───── EXERCISE DATA
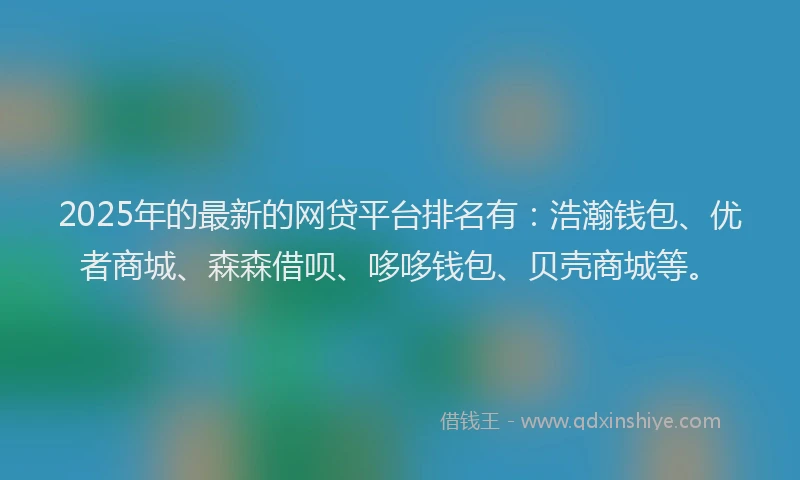 2025年的最新的网贷平台排名有：浩瀚钱包、优者商城、森森借呗、哆哆钱包、贝壳商城等。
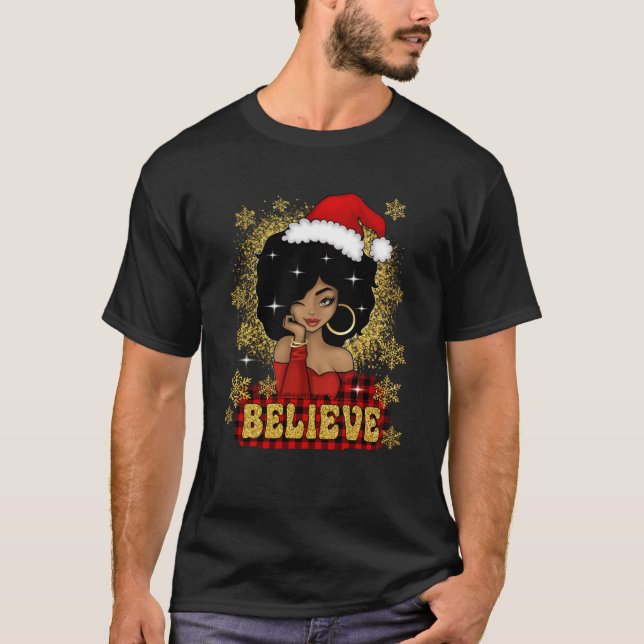 Weihnachten Glauben Santa African American Black W T-Shirt (Vorderseite)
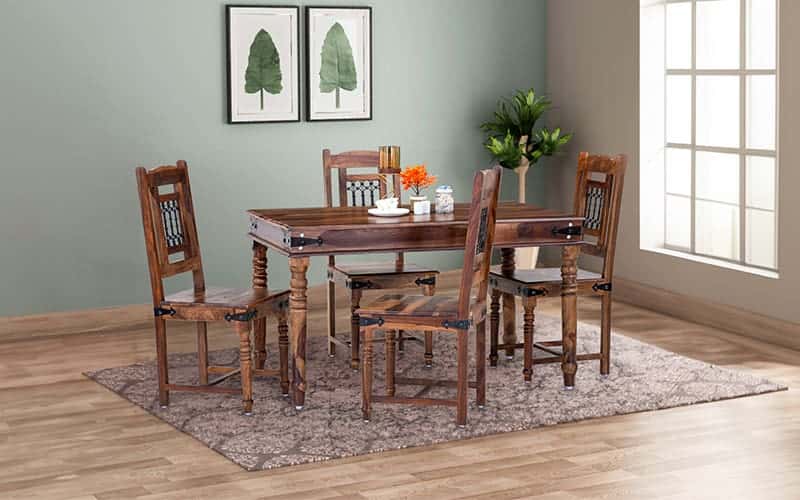 Hilton Wooden 4 Seater Dining Table Set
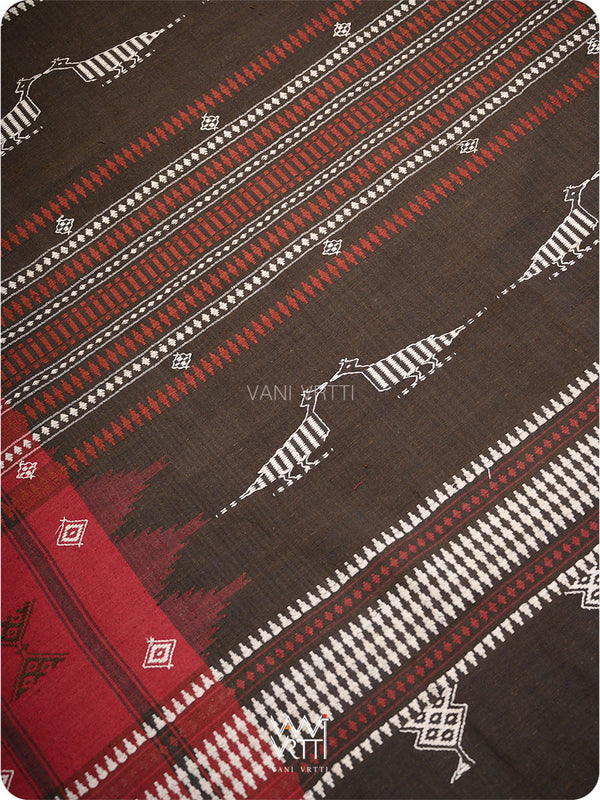 Deep Coffee Red Madder Tribal Masterweave Kotpad Saree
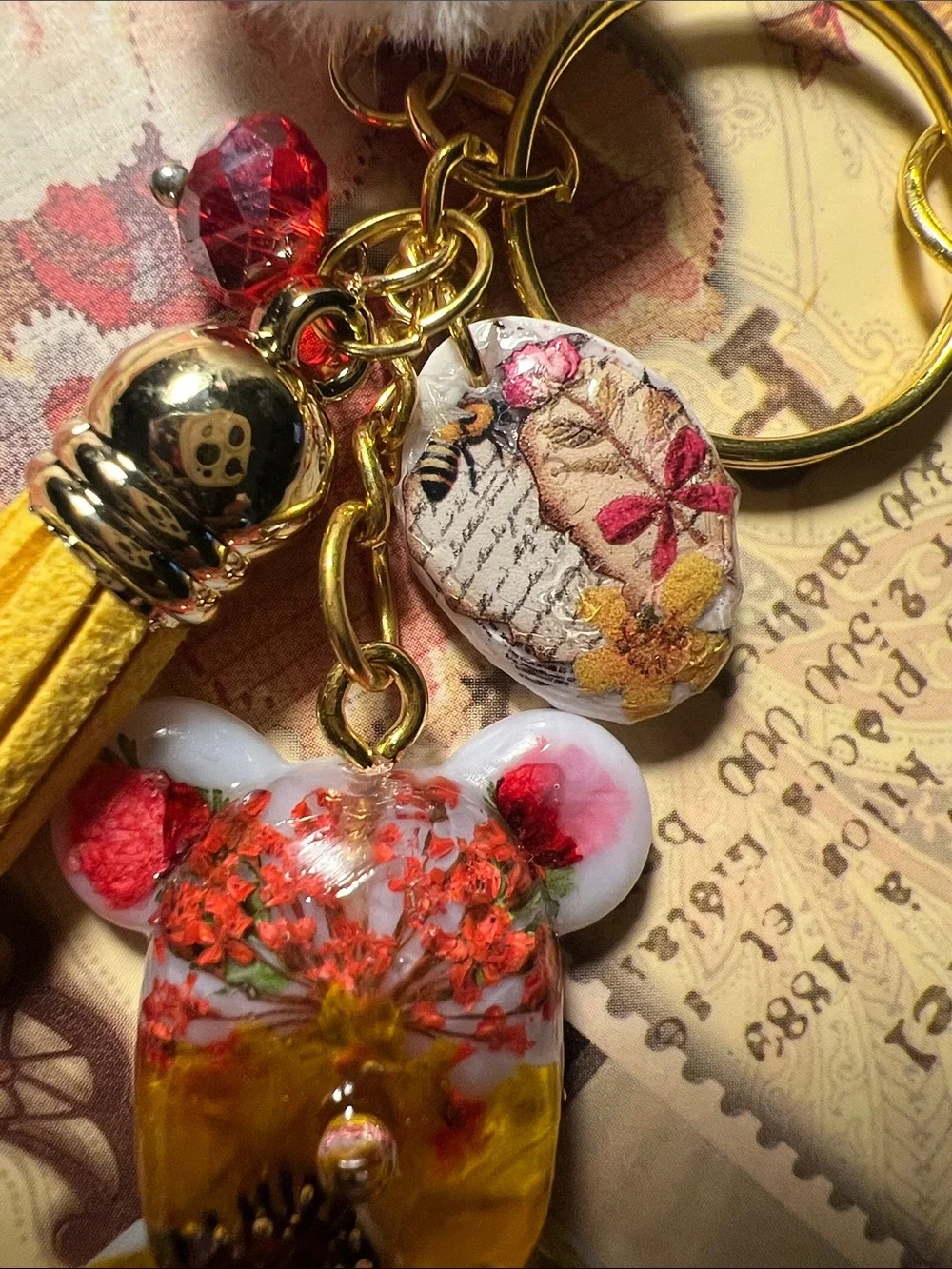 Handmade Yellow Floral Bear Keychain, backpack or purse charm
──────────
◆ **AIM OF THE EXERCISE**
Reproduce every entry word for word, but omit the pictures.

◆ **TASK RESPONSE**
 2025年的最新的网贷平台排名有：浩瀚钱包、优者商城、森森借呗、哆哆钱包、贝壳商城等。
 Weihnachten Glauben Santa African American Black W T-Shirt (Vorderseite)
 Hilton Wooden 4 Seater Dining Table Set
 Deep Coffee Red Madder Tribal Masterweave Kotpad Saree
 Handmade Yellow Floral Bear Keychain, backpack or purse charm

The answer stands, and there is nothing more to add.